In amongst my author friends, there’s a buzz, an undercurrent of dis-ease. It all comes from something another independent author did to promote her book series.
Now, I’m not independent. I have a publisher (hi, Salt of the Earth Press!) but most of the authors I know are doing everything that needs to be done on their books all by their lonesome. Some might hire a cover designer, and others may pay for editing, but overall, they make all the decisions and the buck stops with them.
One author who writes steamy romance – that’s conjecture, I have never read her work – decided to up the ante and game the system. She trademarked a word that appears in her titles.
Before we go any further, what I thought a trademark was for was to protect your business entity branding. Like, Coca-Cola with it’s distinctive and unique phrase and font, or Libby’s brand of foods. It makes sense that a business would want to do that. Another soft drink company putting Coca-Cola across their cans would be confusing and take away from the original company’s profits. Likewise, to trick someone by labeling a canned drink Cola-Cola, not the same name, but in the same distinctive font, would be deceptive as well. But, as you know, there are other colas and other instances of the word coca. Those are commonly used words. The Coca-Cola company can’t stop other businesses from using common words, nor should they.

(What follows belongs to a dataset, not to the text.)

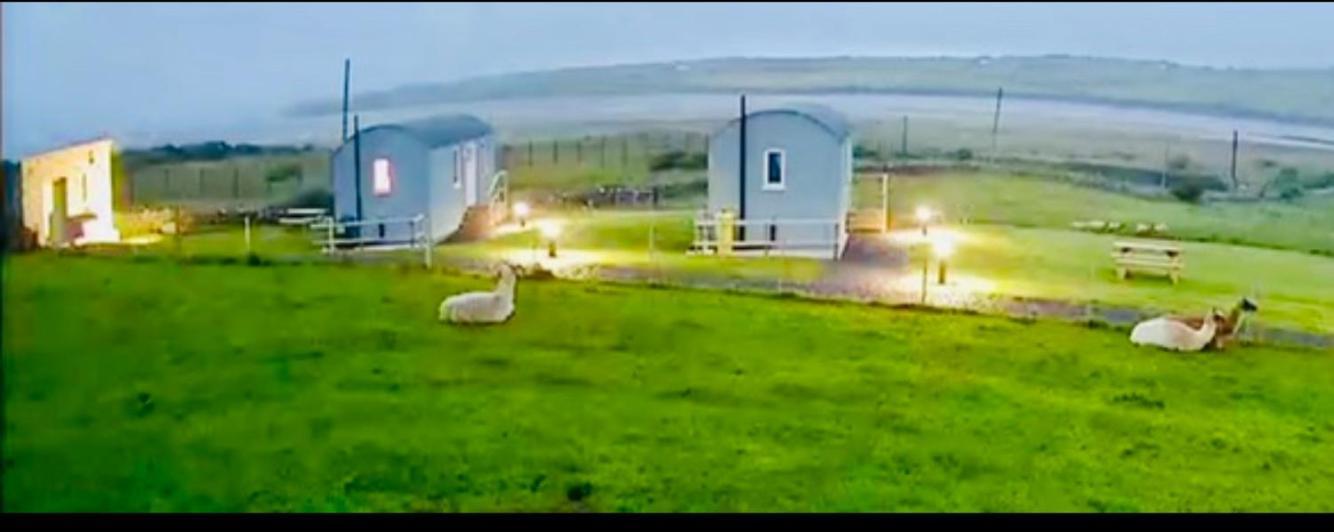 The Snuggly Sheep Shepherd Hut Farm Stay Баллішаннон Екстер'єр фото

Here’s where the whole author trademarking a word thing gets weird. She trademarked the word “cocky.”
Her series name includes that word as part of a phrase, and each title includes that word along with other words. She contacted other authors whose books have that word in the titles to tell them to take their books down or retitle them. She contacted Amazon and demanded the books be removed from their catalog if the title or even the reviews included that word.
And authors went mad! Now, she’s not the only one. The publisher Entangled has trademarked a couple single words as have other authors.
But I can look down this road and see what this crazy trend means.
- An author who has the phrase “Mail Order Bride” on every cover of a series of books trademarks the words and then stops other authors from using that phrase on titles, in descriptions, and in advertising. Not only would it cripple a lot of fine writers, it would make it very hard for the most important people, our readers, to find books they want to read.
- Books not your thing? How about this? What if a company that designs and publishes games trademarked the word haunted, or danger, or virtual?
- What if a huge bakery trademarked the word bread?
Are you seeing what I’m seeing? There must be some other criteria for trademark beyond the applicant saying they need it to protect their brand. Lawyers are on it but the line has already been drawn in the sand within the indie book publishing community. Those who support this method of marketing have posted profanity and insult-laden, almost incoherent ravings in video for all to see, and boastful posts on Facebook full of cuss-words.
I am not impressed with them, nor their tactics.
Amazon might pull your favorite authors from their system, and some writers might quit because the minefield of publishing just got a whole lot more dangerous. If you want to read more about this go here: https://medium.com/@CeeEmStone/how-indie-publishing-got-all-cocked-up-1731733d0340
Please continue to support Indie Publishers and small publishers who just want to write engaging stories for their readers. I appreciate every single one of you.
UPDATE: A judge ruled against the author and she was unable to continue with her trademark for the name “cocky.”